Il Giudice nella parte motiva dell’ordinanza decisoria fa riferimento “alla buona fede integrativa per riportare in equilibrio il contratto nei limiti dell’alea negoziale normale”, disponendo la riduzione del canone di locazione e la sospensione della fideiussione posta a garanzia dei relativi pagamenti. Richiamati in ordinanza anche gli ormai noti principi degli artt. 1256 c.c. e 1464 c.c.

Attenzione però: non convalidare lo sfratto, non significa “automaticamente” che il canone di locazione non sia dovuto. I tribunali d’Italia sembrano prevalentemente orientati a sottolineare che, se l’art. 91 del decreto “Cura Italia” introduce un principio di tolleranza nel ritardo del pagamento del debitore “causa covid”, lo stesso principio normativo non estingue però l’obbligazione.

Per molti giudici di merito il canone, comunque, va pagato. Così l’ordinanza del Giudice Corrias della VI sezione del Tribunale di Roma (9 settembre 2020) ha respinto un ricorso ex art. 700 cpc di un conduttore di una struttura alberghiera che lamentava l’impossibilità di pagare il canone a causa della Pandemia: secondo questo Giudice, non convalidare lo sfratto è un principio diverso da quello di ritenere non dovuti i canoni di locazione. Nessuna norma, nemmeno emergenziale, lo prevede. Nella stessa scia si pone anche la Sentenza del Tribunale di Alessandria, che ha escluso la riduzione del canone in quanto non concordata tra le parti.

La tendenza dei Tribunali d’Italia è quindi quella di un atteggiamento prudenziale ma che non perde di vista il quadro normativo vigente.

L’ordinanza “Grauso” è in linea con i principi indicati dalla Suprema Corte di Cassazione nella relazione tematica n. 56 dell’8 luglio 2020.
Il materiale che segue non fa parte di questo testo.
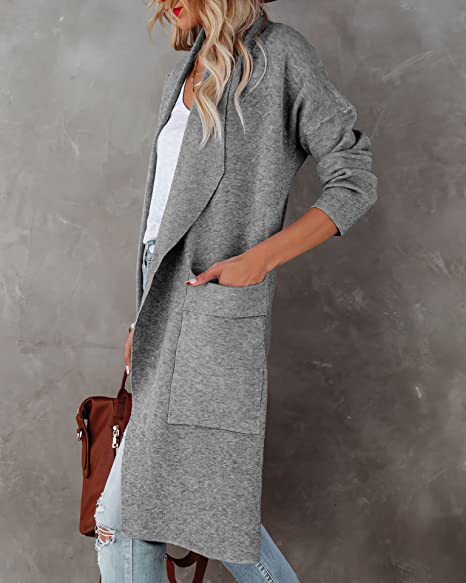 Damen Longline Cardigan mit praktischen Taschen und fließendem Schnitt Drune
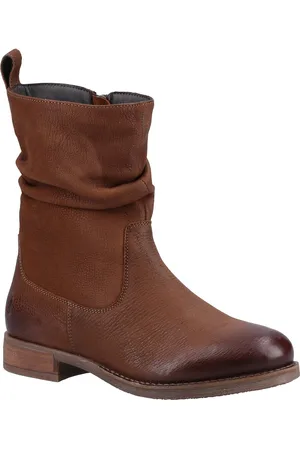 Hush Puppies Emilia Leren Vrouwen Laarzen Tan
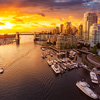 View of Burrard Bridge and False Creek in Downtown Vancouver, British Columbia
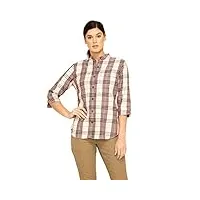 carhartt women's regular relaxed fit 3/4 sleeve plaid shirt, deep wine, x-large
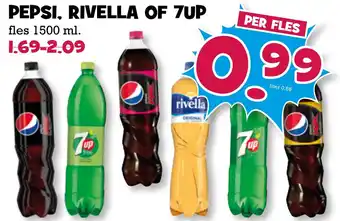 Boon`s Markt Pepsi, rivella of 7up 1500ml aanbieding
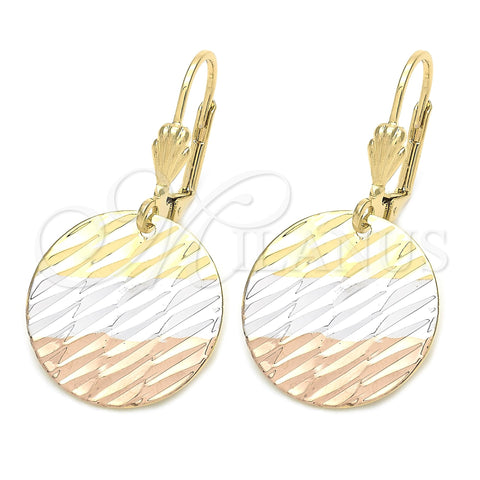 Arete Colgante 5.103.013 Oro Laminado, Diamantado, Tres Tonos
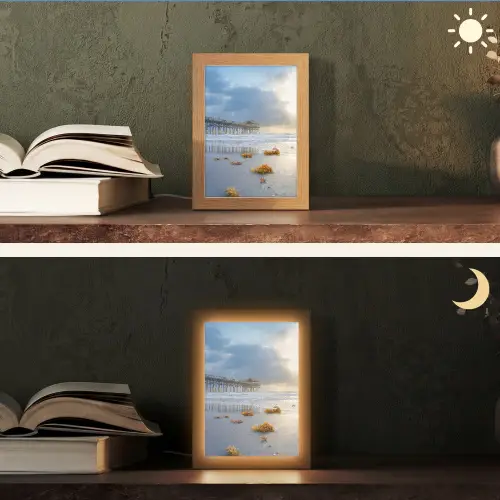 Strand - Pier - Zeewier - Zee - Zomer Light Box met kabel (Tafellamp) klein -sfeer3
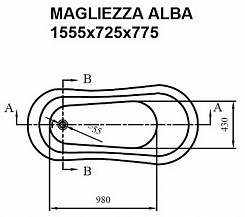 Magliezza Акриловая ванна на лапах Alba (155,5x72,5) ножки хром  – фотография-3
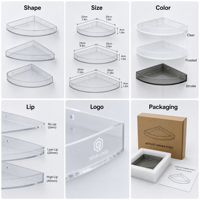 Étagère d'angle de salle de bain en acrylique sur mesure, support mural transparent pour douche avec rebord surélevé et espace pour logo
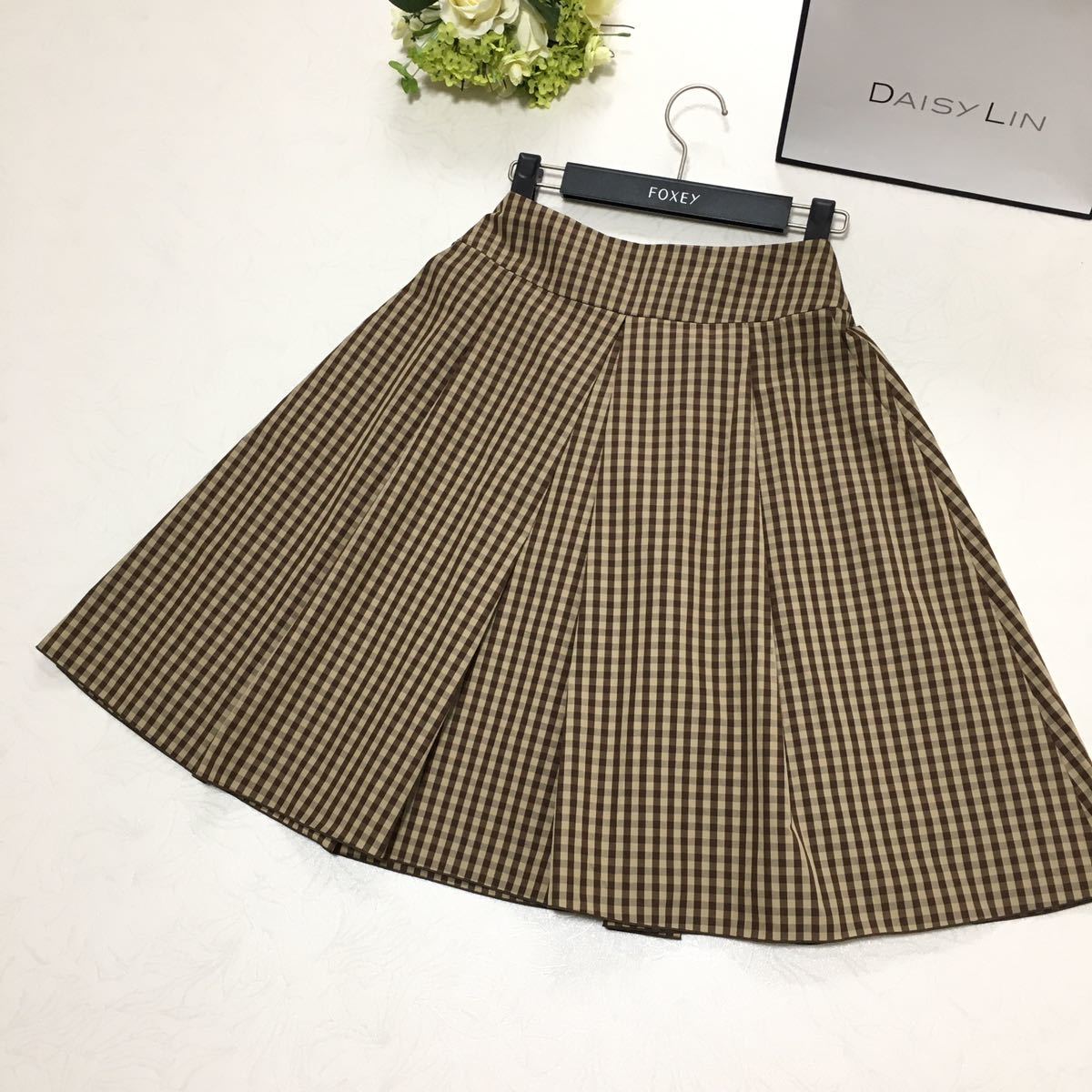 美品 フォクシー FOXEY 洗える フレア チェック スカート 38 送料無料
Rileva la relazione che in materia di contratti a prestazioni corrispettive “qualora il sinallagma contrattuale sia stravolto dalla pandemia”, la soluzione non può essere sempre quella della risoluzione contrattuale e la parte “avvantaggiata” non può trincerarsi in una torre a difesa della sua posizione.

Secondo la Cassazione i principi di buona fede (1366 c.c.), di conservazione del contratto (1367 c.c.), i principi di integrazione del contratto (1374 c.c.)  e di esecuzione secondo buona fede (1175 e 1375 c.c.) impongono, in una situazione eccezionale come quella che stiamo vivendo, che le parti si seggano ad un tavolo e cerchino, ove possibile, una soluzione ragionevole e finalizzata a salvaguardia del contratto in essere o al suo scioglimento, ma sempre nell’interesse comune.
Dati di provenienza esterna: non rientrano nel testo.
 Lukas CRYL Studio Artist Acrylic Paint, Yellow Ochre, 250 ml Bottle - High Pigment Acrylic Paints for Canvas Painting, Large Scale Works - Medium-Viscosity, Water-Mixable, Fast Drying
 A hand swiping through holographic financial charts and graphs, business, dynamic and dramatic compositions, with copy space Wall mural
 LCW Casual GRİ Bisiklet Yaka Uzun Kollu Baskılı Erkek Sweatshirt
Si faccia attenzione al principio: nella situazione imprevista ed imprevedibile (come può essere quella determinata dalla pandemia) le parti debbono provare seriamente a trovare un punto d’incontro per riequilibrare il contratto ma non sono obbligate a riuscire nell’intento.
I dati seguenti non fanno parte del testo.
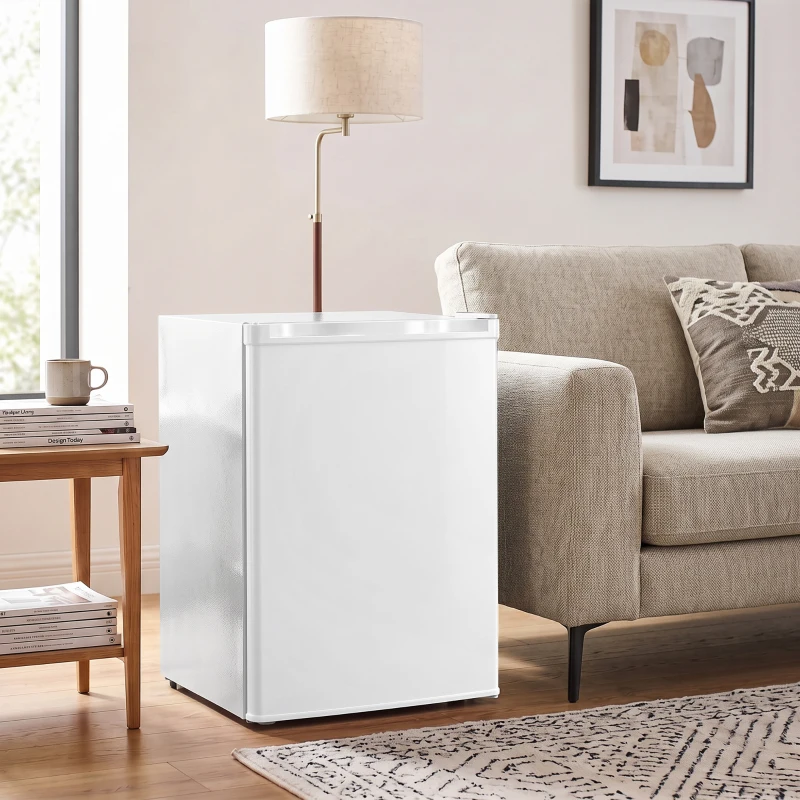 HOMCOM Minikoelkast met vriesvak, instelbare thermostaat, kleine koelkast, 1-deurs, 72,5 liter, wit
Secondo la relazione tematica, qualora i contraenti falliscano nella trattativa, può intervenire il giudice, ai sensi dell’art. 2932 del c.c., con sentenza che, sostituendosi alla volontà delle parti, dia esecuzione al contratto, riequilibrandolo, tenuto conto delle mutate situazioni esterne.

Ovviamente il Giudice non potrà decidere sulla base di un metro casuale ma partendo sempre dal contratto in essere, cercando di applicare i medesimi principi utilizzati senza successo dalle parti.

La Cassazione insomma favorisce una interpretazione estensiva dell’art 2932 del codice civile e tale principio è stato ripreso dal Tribunale della VI sezione civile, nel provvedimento del G.U Grauso sopra richiamato.

L’obbligo di buona fede impone anche al conduttore di non strumentalizzare la situazione a suo vantaggio.  Non esiste,  si ribadisce, una norma “speciale” che autorizzi il conduttore a non pagare il canone o a non rispettare le proprie obbligazioni. Il suo comportamento, pertanto, verrà valutato dal Giudicante secondo i medesimi principi di buona fede e ragionevolezza imposti al locatore.

La parte debole di un contratto, molto spesso è infatti identificabile anche con il locatore proprietario dell’immobile che vede sparire la sua unica fonte di sostentamento,  a fronte peraltro di una significativa e sempre presente pressione fiscale.

L’invito, sia per il locatore che per il conduttore, è quindi quello di sedersi ad un tavolo con atteggiamento di buona volontà, attendendosi però, dall’altra parte, lo stesso spirito conciliativo.